Re: [PATCH v5 2/4] ls-files: optionally recurse into submodules

Stefan Beller <sbeller@xxxxxxxxxx> · Wed, 28 Sep 2016 15:11:23 -0700

On Wed, Sep 28, 2016 at 2:50 PM, Brandon Williams <bmwill@xxxxxxxxxx> wrote:
> Allow ls-files to recognize submodules in order to retrieve a list of
> files from a repository's submodules.  This is done by forking off a
> process to recursively call ls-files on all submodules.

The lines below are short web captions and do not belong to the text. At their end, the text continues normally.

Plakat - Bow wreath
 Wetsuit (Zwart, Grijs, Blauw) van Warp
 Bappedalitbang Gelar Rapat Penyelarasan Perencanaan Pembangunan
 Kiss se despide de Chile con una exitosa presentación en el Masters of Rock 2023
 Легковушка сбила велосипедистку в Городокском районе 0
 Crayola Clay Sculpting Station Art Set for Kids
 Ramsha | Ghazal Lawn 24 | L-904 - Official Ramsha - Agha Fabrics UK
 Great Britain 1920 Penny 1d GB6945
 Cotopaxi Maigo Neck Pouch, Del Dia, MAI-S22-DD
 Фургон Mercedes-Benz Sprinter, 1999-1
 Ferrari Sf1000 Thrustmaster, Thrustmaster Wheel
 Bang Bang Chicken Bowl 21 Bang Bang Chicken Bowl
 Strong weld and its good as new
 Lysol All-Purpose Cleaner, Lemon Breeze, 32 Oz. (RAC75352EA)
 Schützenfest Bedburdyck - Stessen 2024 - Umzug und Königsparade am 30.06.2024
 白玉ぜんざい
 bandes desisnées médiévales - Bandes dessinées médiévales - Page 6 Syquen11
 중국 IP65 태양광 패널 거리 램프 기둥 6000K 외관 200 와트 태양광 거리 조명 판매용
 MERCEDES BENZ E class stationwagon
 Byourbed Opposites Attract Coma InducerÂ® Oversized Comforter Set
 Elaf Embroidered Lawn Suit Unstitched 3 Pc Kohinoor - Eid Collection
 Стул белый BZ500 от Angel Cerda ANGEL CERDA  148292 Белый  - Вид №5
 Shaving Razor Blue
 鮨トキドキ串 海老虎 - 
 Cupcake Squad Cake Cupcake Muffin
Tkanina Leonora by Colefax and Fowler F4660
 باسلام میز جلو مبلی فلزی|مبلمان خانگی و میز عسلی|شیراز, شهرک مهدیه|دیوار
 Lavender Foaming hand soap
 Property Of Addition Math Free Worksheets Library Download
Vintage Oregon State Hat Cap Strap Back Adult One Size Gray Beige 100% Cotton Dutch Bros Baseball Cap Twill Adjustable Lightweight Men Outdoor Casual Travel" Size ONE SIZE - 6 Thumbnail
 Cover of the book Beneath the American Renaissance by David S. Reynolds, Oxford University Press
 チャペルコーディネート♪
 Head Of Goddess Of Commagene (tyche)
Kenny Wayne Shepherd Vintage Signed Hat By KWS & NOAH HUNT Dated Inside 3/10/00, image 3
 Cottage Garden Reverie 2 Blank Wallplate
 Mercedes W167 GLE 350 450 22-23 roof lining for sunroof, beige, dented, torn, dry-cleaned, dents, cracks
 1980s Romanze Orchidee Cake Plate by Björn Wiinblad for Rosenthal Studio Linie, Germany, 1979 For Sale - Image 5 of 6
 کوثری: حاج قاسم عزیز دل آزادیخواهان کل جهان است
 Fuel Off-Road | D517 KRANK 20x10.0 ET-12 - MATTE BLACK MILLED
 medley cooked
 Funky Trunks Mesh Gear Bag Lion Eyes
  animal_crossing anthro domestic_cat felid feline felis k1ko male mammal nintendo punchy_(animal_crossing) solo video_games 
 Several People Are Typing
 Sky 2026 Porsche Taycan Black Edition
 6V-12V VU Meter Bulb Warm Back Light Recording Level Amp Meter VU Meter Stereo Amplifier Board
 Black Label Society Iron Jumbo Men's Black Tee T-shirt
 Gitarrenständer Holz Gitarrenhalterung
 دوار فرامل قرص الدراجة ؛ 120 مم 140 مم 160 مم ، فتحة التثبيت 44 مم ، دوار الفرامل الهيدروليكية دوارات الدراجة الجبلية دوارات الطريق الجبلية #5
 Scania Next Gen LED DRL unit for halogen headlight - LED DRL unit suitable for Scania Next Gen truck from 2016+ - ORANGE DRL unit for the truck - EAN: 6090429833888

Use top-level
> --super-prefix option to pass a path to the submodule which it can
> use to prepend to output or pathspec matching logic.
>
> Signed-off-by: Brandon Williams <bmwill@xxxxxxxxxx>
> ---
>  Documentation/git-ls-files.txt         |   7 +-
>  builtin/ls-files.c                     | 139 ++++++++++++++++++++++++---------
>  git.c                                  |   2 +-
>  t/t3007-ls-files-recurse-submodules.sh | 100 ++++++++++++++++++++++++
>  4 files changed, 208 insertions(+), 40 deletions(-)
>  create mode 100755 t/t3007-ls-files-recurse-submodules.sh
>
> diff --git a/Documentation/git-ls-files.txt b/Documentation/git-ls-files.txt
> index 0d933ac..446209e 100644
> --- a/Documentation/git-ls-files.txt
> +++ b/Documentation/git-ls-files.txt
> @@ -18,7 +18,8 @@ SYNOPSIS
>                 [--exclude-per-directory=<file>]
>                 [--exclude-standard]
>                 [--error-unmatch] [--with-tree=<tree-ish>]
> -               [--full-name] [--abbrev] [--] [<file>...]
> +               [--full-name] [--recurse-submodules]
> +               [--abbrev] [--] [<file>...]
>
>  DESCRIPTION
>  -----------
> @@ -137,6 +138,10 @@ a space) at the start of each line:
>         option forces paths to be output relative to the project
>         top directory.
>
> +--recurse-submodules::
> +       Recursively calls ls-files on each submodule in the repository.
> +       Currently there is only support for the --cached mode.
> +
>  --abbrev[=<n>]::
>         Instead of showing the full 40-byte hexadecimal object
>         lines, show only a partial prefix.
> diff --git a/builtin/ls-files.c b/builtin/ls-files.c
> index 00ea91a..e0e5cf5 100644
> --- a/builtin/ls-files.c
> +++ b/builtin/ls-files.c
> @@ -14,6 +14,7 @@
>  #include "resolve-undo.h"
>  #include "string-list.h"
>  #include "pathspec.h"
> +#include "run-command.h"
>
>  static int abbrev;
>  static int show_deleted;
> @@ -28,8 +29,10 @@ static int show_valid_bit;
>  static int line_terminator = '\n';
>  static int debug_mode;
>  static int show_eol;
> +static int recurse_submodules;
>
>  static const char *prefix;
> +static const char *super_prefix;
>  static int max_prefix_len;
>  static int prefix_len;
>  static struct pathspec pathspec;
> @@ -68,6 +71,19 @@ static void write_eolinfo(const struct cache_entry *ce, const char *path)
>  static void write_name(const char *name)
>  {
>         /*
> +        * Prepend the super_prefix to name to construct the full_name to be
> +        * written.  'full_name' gets reused across output lines to minimize the
> +        * allocation churn.
> +        */

When doing these tricks with the allocation churn (i.e. we make it
hard to read and understand
for a reader, then we should do it completely, i.e. keep full_name in
the strbuf and
only do a strbuf_setlen to reset the buffer just a bit. With this
implementation we burden the
reader/user to understand how the memory is kept over multiple calls
to this function,
but we still do more work than expected). So either I'd not worry
about performance
and provide an 'obvious correct' implementation, with e.g. no static
here and we free the memory
correctly. Or you'd go the performance route, but then we'd usually
ask for numbers.
(How much faster is it; Does the trickyness trade off well to the
performance gain?)

> +       static struct strbuf full_name = STRBUF_INIT;
> +       if (super_prefix && *super_prefix) {

Why do we have to check twice here? Wouldn't just

    if (super_prefix) {
        ...

be enough?